The Parisian gallery also represents prominent furniture and interior designers like Marc Newson, the Campana Brothers, and Jaime Hayon.

Virgil Abloh. Photo by Jeff Spicer and courtesy Getty Images.

Virgil Abloh, the jack of all design trades, can now add gallery-affiliated furniture designer to his resume. This week, Abloh has begun to work with the Paris-based design studio Galerie Kreo, which also works with prominent names in furniture and interior design like Marc Newson, the Campana Brothers, Jaime Hayon, Ronan and Erwan Bouroullec, and Ettore Sottsass.

Though Galerie Kreo is based in Paris, it’s not an entirely surprising choice for Abloh: The studio shares in his love for contemporary, cutting-edge design, for which functionality is merely an added bonus. Unlike most furniture showrooms and galleries, Galerie Kreo defines itself as a “laboratory space” that provides its designers with physical workshops and resources to create one-of-a-kind, inventive objects. The point, according to co-founder and owner Didier Krzentowski, who opened the gallery in 1999 with his wife, Clémence, is to be able to give designers the amount of time needed “for their projects to fully mature.”  

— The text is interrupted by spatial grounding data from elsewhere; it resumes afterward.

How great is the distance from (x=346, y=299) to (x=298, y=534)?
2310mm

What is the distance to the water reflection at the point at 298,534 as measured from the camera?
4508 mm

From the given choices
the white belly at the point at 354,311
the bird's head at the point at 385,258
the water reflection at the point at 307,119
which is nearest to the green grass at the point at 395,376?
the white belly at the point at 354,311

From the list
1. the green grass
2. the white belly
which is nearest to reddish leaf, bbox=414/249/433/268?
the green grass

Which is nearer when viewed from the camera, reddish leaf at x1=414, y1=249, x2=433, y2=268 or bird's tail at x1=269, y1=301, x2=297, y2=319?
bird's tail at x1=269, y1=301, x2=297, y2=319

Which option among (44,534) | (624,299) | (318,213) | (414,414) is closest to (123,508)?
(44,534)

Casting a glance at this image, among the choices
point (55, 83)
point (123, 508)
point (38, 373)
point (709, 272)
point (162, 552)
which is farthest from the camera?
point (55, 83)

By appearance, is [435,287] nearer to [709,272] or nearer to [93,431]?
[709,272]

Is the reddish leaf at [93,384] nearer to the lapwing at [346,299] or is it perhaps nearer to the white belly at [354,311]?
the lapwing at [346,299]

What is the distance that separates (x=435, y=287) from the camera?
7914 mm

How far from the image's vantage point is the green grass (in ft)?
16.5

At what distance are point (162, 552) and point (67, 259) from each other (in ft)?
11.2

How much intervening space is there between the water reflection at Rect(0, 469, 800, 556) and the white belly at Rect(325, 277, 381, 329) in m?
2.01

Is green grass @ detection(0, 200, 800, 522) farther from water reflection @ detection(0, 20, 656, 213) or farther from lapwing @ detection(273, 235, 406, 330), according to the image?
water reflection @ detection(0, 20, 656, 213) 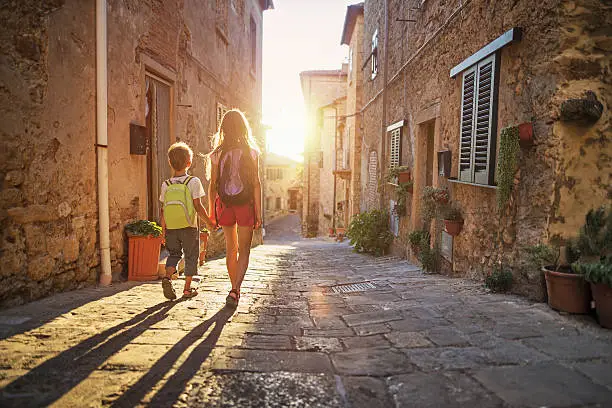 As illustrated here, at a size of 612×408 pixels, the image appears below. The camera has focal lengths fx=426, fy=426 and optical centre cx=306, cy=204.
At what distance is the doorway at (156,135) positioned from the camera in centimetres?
587

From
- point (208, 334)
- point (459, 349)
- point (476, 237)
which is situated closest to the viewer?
point (459, 349)

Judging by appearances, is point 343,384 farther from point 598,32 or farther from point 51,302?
point 598,32

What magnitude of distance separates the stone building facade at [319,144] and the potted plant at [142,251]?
18.3 meters

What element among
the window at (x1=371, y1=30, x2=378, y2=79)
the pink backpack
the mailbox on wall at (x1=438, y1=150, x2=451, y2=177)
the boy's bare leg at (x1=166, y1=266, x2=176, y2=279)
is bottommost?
the boy's bare leg at (x1=166, y1=266, x2=176, y2=279)

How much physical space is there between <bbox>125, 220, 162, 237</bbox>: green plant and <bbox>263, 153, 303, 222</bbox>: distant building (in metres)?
37.8

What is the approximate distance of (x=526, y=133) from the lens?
357cm

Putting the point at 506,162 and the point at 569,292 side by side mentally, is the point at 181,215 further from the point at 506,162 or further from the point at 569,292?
the point at 569,292

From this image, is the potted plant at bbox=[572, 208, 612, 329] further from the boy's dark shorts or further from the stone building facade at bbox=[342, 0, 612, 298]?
the boy's dark shorts

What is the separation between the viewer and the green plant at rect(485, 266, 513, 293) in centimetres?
393

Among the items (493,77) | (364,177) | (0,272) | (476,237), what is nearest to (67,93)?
(0,272)

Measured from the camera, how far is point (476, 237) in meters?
4.77

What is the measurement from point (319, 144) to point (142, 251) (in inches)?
873

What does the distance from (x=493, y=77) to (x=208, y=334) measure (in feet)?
11.9

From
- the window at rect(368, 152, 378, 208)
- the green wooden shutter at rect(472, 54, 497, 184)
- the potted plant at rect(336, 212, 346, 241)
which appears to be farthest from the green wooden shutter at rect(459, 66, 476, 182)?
the potted plant at rect(336, 212, 346, 241) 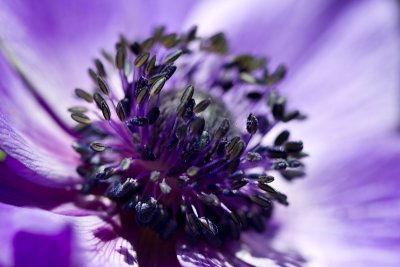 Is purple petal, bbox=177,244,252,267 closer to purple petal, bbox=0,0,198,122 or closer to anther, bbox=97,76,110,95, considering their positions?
anther, bbox=97,76,110,95

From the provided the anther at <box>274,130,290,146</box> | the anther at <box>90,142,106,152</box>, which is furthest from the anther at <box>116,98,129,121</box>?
the anther at <box>274,130,290,146</box>

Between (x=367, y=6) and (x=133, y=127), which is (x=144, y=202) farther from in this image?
(x=367, y=6)

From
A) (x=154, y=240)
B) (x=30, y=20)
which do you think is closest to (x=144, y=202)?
(x=154, y=240)

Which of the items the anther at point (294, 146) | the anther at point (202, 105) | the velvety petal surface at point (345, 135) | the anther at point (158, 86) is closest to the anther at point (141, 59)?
the anther at point (158, 86)

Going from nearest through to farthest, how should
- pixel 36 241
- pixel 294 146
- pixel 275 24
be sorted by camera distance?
pixel 36 241 < pixel 294 146 < pixel 275 24

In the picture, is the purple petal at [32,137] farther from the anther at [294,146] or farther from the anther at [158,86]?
the anther at [294,146]

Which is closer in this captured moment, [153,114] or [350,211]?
[153,114]

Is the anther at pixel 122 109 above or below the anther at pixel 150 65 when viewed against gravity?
below

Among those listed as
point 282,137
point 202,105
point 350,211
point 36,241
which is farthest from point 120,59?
point 350,211

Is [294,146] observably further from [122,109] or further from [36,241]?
[36,241] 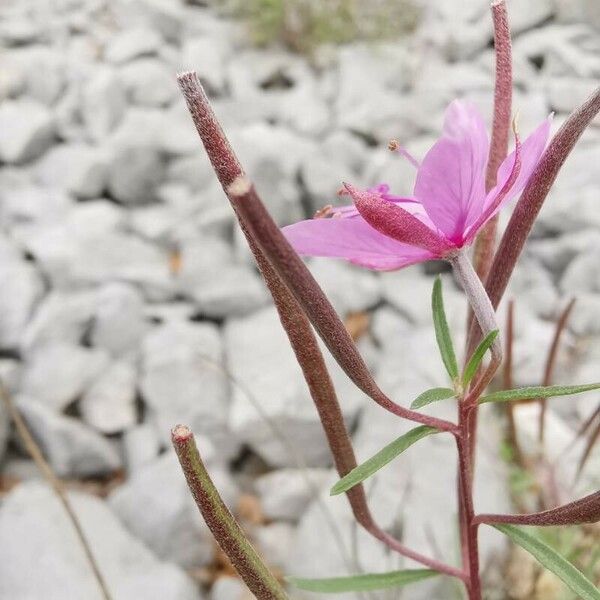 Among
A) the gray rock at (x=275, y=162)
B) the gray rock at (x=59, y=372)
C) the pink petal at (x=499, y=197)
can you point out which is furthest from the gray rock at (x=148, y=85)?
the pink petal at (x=499, y=197)

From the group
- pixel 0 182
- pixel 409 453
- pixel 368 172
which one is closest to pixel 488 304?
pixel 409 453

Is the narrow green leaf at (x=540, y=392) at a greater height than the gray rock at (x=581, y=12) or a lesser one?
lesser

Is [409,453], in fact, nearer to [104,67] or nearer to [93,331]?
[93,331]

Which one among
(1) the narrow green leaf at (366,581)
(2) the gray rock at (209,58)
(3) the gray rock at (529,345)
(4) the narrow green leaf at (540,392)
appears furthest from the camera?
(2) the gray rock at (209,58)

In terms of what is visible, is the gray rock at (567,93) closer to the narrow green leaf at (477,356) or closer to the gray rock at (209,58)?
the gray rock at (209,58)

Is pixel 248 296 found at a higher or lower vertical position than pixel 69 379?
higher

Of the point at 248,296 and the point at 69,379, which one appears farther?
the point at 248,296

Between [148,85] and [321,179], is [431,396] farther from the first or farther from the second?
[148,85]

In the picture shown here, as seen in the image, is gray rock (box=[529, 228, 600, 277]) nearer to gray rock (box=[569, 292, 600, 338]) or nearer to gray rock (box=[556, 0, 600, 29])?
gray rock (box=[569, 292, 600, 338]) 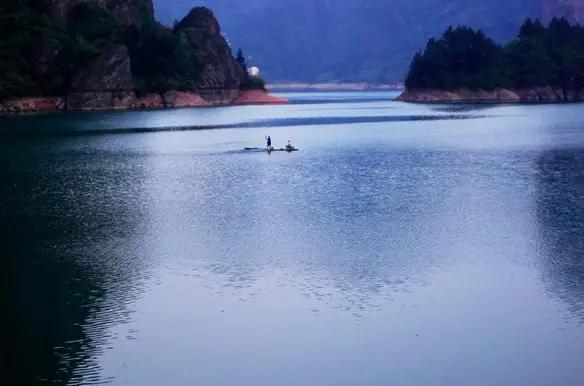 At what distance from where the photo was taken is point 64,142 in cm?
9969

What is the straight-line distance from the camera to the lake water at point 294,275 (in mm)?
25344

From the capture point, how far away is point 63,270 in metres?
36.5

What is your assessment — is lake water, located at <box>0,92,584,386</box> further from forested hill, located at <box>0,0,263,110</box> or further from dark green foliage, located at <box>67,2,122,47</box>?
dark green foliage, located at <box>67,2,122,47</box>

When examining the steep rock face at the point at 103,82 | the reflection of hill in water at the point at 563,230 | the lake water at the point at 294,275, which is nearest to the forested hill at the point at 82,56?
the steep rock face at the point at 103,82

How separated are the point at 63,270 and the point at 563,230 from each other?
24266 millimetres

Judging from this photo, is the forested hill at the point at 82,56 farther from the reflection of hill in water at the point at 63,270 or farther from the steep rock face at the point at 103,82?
the reflection of hill in water at the point at 63,270

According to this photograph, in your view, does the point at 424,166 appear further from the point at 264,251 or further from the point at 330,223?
the point at 264,251

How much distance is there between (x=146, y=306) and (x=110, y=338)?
359 cm

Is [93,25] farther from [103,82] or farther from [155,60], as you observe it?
[103,82]

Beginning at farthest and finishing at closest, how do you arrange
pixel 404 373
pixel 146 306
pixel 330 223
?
pixel 330 223, pixel 146 306, pixel 404 373

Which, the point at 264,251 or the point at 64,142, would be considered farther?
the point at 64,142

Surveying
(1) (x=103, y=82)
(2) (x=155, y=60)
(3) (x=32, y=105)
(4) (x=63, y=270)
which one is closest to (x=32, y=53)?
(3) (x=32, y=105)

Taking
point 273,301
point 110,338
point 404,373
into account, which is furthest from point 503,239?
point 110,338

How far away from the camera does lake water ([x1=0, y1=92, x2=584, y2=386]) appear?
998 inches
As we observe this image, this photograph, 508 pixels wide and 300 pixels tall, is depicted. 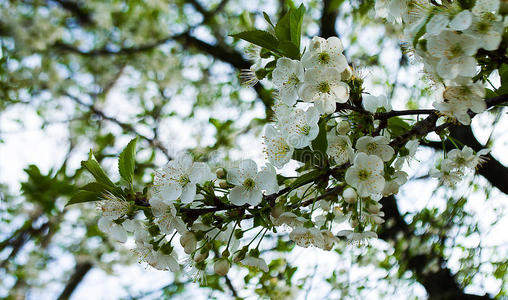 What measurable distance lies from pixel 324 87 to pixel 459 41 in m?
0.33

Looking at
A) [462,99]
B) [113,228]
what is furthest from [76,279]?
[462,99]

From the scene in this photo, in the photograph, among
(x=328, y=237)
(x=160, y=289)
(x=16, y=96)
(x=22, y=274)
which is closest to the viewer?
(x=328, y=237)

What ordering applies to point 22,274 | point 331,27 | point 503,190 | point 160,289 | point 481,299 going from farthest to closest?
point 22,274 → point 331,27 → point 160,289 → point 503,190 → point 481,299

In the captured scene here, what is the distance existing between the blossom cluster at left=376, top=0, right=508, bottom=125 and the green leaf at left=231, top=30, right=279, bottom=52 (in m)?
0.37

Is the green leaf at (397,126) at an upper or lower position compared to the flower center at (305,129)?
lower

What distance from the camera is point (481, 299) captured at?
2.11 metres

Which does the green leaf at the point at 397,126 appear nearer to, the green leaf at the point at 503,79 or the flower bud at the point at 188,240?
the green leaf at the point at 503,79

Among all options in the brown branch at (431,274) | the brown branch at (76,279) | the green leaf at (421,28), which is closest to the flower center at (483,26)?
the green leaf at (421,28)

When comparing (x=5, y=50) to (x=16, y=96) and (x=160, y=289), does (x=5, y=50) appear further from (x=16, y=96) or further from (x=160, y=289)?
(x=160, y=289)

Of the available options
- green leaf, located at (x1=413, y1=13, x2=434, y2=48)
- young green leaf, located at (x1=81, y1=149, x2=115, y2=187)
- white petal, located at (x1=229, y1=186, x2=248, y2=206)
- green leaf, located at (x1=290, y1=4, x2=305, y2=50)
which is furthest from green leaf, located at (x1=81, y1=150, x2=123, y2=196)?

When Krzentowski met Abloh a year and a half ago, “he told me he wanted to get into furniture design, and that he had already planned a few pieces,” the dealer recalled. “He’s a fashion designer, but also an architect and an engineer, so to me, it made a lot of sense.”

Abloh, the artistic director of Louis Vuitton’s menswear collection and CEO of Off-White, began by proposing designs made with concrete. “That’s how all our collaborations begin, the designers come to us with an idea and we go from there,” Krzentowski explained. “A lot of what I like and what I’m drawn to are things that I don’t totally understand at first. That’s how I felt about his work.” 

Since then, Galerie Kreo has produced a number of Abloh’s designs, including a chair, a bench, a table, and a mirror, some of which are now on view in his first museum exhibition, at the Museum of Contemporary Art, Chicago (“Figures of Speech,” through September 22). “He drafts all the pieces himself,” Krzentowski says.

This isn’t the first time Abloh has dipped his toe into the gallery pool. Last year, he collaborated with Takashi Murakami on a series of exhibitions at Gagosian in London, Paris, and Beverly Hills and had a solo exhibition of paintings and sculpture at Murakami’s Kaikai Kiki Gallery in Tokyo. He has also exhibited his furniture designs at Design Miami in 2016 and, most recently, at an exhibition in Venice organized by Carpenter’s Workshop to coincide with the Venice Biennale. (He continues to work with both galleries.)

Unsurprisingly, ultra-productive Abloh isn’t wasting any time making his debut with Galerie Kreo. In September, he will open two solo exhibitions of his furniture at the gallery’s Paris and London outposts. He will also present a new collection for Design Miami during Art Basel Miami Beach in December. 

While Abloh is technically the first celebrity designer to sign with Galerie Kreo, the studio has collaborated with and sought the advice of other artistic talents outside of furniture design, including fashion designer Azzedine Alaia and artist Marcel Brient, and are open to continuing to do so.

“Our job is simply to build an ideal collection,” Krzentowski says. “We need to be surprised by the pieces when designers come to us. The designers with whom we work are all on a perpetual personal quest [in their artistic pursuits], and have an uncompromising stance, and a certain way of expressing themselves.”